● **What you will do**
Every line of the entries that holds the word "Gloves" is to be copied.

● **Data for the task**
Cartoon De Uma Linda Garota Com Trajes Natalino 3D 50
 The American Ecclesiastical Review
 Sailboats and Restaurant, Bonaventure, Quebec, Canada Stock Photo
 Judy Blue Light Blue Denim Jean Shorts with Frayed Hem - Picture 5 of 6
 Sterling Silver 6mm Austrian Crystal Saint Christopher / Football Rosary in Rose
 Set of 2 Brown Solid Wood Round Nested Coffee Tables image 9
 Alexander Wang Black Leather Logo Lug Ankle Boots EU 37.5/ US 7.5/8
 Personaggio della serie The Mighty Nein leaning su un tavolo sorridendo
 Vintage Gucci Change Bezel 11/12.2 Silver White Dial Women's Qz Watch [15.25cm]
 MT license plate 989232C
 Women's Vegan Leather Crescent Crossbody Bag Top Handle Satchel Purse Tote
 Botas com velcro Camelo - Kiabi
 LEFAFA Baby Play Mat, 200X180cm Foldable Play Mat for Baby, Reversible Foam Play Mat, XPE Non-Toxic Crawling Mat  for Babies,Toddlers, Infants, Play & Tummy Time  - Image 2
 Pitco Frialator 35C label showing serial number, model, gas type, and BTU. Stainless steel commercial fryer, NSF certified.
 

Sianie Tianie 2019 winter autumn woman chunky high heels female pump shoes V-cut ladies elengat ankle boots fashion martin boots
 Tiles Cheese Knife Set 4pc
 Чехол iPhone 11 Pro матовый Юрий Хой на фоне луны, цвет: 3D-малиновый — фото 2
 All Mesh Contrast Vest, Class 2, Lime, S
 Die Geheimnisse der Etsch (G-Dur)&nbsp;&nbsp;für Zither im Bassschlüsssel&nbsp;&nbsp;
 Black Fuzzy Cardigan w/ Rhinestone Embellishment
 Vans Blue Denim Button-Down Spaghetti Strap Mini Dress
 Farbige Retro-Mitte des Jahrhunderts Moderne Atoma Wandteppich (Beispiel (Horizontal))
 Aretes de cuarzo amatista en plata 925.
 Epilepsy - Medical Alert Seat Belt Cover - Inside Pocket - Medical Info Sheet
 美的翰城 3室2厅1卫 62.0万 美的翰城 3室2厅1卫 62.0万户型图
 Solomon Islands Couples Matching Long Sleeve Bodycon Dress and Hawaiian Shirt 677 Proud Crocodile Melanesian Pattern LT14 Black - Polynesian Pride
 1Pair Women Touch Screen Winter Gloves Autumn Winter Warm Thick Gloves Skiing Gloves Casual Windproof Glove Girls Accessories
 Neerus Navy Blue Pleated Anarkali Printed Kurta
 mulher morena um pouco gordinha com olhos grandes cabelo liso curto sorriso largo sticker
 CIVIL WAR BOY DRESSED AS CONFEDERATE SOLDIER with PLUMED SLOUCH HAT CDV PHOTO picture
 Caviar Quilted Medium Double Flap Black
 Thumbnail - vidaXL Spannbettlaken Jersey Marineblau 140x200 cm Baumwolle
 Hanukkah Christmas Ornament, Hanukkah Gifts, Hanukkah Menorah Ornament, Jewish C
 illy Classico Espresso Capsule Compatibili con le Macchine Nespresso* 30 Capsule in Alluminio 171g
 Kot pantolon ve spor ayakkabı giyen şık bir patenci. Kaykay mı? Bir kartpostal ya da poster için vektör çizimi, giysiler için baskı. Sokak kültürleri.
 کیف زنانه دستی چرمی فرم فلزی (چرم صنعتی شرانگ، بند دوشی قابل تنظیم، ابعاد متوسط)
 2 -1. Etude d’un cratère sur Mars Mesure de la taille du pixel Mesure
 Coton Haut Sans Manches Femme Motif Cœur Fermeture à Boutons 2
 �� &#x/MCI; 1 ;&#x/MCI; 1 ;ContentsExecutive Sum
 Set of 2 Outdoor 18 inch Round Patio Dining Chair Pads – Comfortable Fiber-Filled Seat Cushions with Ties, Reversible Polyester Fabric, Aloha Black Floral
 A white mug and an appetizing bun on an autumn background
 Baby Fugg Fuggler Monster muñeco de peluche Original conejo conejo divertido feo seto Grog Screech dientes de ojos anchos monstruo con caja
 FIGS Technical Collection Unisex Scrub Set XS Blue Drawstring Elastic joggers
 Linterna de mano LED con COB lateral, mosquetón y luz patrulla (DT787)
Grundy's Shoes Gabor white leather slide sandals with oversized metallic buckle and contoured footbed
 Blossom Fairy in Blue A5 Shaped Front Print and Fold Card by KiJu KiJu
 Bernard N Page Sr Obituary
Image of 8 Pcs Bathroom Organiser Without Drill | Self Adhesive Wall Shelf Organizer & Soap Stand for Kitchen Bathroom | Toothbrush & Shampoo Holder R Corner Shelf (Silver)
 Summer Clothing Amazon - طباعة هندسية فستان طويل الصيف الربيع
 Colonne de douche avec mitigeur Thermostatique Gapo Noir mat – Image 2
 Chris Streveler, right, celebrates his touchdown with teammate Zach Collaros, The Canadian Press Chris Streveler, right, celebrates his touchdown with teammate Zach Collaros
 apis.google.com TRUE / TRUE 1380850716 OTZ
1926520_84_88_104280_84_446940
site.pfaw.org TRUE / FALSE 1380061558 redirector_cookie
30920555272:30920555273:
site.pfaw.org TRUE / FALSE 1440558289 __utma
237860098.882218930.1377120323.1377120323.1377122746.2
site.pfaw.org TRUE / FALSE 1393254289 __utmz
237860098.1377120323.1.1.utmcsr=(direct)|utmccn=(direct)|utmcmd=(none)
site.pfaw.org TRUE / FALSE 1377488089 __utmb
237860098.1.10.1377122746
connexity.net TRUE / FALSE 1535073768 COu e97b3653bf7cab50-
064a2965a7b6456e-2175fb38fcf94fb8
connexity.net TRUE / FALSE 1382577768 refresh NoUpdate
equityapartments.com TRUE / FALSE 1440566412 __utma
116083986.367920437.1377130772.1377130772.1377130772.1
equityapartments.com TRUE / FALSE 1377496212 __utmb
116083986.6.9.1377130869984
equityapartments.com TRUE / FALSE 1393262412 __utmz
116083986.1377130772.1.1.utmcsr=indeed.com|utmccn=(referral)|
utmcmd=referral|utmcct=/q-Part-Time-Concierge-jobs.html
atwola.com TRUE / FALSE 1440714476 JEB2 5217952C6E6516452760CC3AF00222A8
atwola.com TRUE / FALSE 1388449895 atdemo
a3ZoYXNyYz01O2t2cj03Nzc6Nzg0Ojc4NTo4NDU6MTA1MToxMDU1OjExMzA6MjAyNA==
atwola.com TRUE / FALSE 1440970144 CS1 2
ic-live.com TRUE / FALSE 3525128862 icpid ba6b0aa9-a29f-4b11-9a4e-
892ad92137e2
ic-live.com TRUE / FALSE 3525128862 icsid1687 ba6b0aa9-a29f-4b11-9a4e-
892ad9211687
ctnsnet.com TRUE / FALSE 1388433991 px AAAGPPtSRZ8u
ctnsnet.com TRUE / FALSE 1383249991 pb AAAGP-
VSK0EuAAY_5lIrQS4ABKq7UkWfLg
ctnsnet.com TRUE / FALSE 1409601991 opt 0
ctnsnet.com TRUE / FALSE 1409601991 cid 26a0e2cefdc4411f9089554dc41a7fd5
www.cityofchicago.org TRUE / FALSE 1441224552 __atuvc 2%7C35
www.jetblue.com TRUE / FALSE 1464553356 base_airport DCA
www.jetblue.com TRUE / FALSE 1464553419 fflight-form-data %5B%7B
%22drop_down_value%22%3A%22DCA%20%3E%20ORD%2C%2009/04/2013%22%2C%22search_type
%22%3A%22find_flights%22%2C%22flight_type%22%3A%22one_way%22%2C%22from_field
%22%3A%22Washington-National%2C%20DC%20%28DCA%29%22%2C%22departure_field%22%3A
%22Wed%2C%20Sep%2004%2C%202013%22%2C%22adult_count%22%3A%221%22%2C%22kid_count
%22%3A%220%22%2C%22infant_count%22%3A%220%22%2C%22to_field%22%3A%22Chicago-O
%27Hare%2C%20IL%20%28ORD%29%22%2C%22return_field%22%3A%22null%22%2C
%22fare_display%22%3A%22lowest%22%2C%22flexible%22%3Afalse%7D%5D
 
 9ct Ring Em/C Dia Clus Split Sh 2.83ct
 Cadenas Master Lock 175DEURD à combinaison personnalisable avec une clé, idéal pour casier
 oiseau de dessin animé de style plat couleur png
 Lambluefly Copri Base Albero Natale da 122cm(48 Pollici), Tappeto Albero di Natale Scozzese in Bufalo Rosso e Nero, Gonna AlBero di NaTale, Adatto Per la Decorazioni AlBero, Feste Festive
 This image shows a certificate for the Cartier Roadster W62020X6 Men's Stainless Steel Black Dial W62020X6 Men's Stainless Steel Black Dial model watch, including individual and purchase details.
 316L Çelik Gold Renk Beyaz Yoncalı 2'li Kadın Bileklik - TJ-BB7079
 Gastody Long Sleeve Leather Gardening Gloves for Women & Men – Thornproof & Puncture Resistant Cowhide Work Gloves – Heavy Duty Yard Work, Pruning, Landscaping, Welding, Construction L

● **Written solution**
 1Pair Women Touch Screen Winter Gloves Autumn Winter Warm Thick Gloves Skiing Gloves Casual Windproof Glove Girls Accessories
 Gastody Long Sleeve Leather Gardening Gloves for Women & Men – Thornproof & Puncture Resistant Cowhide Work Gloves – Heavy Duty Yard Work, Pruning, Landscaping, Welding, Construction L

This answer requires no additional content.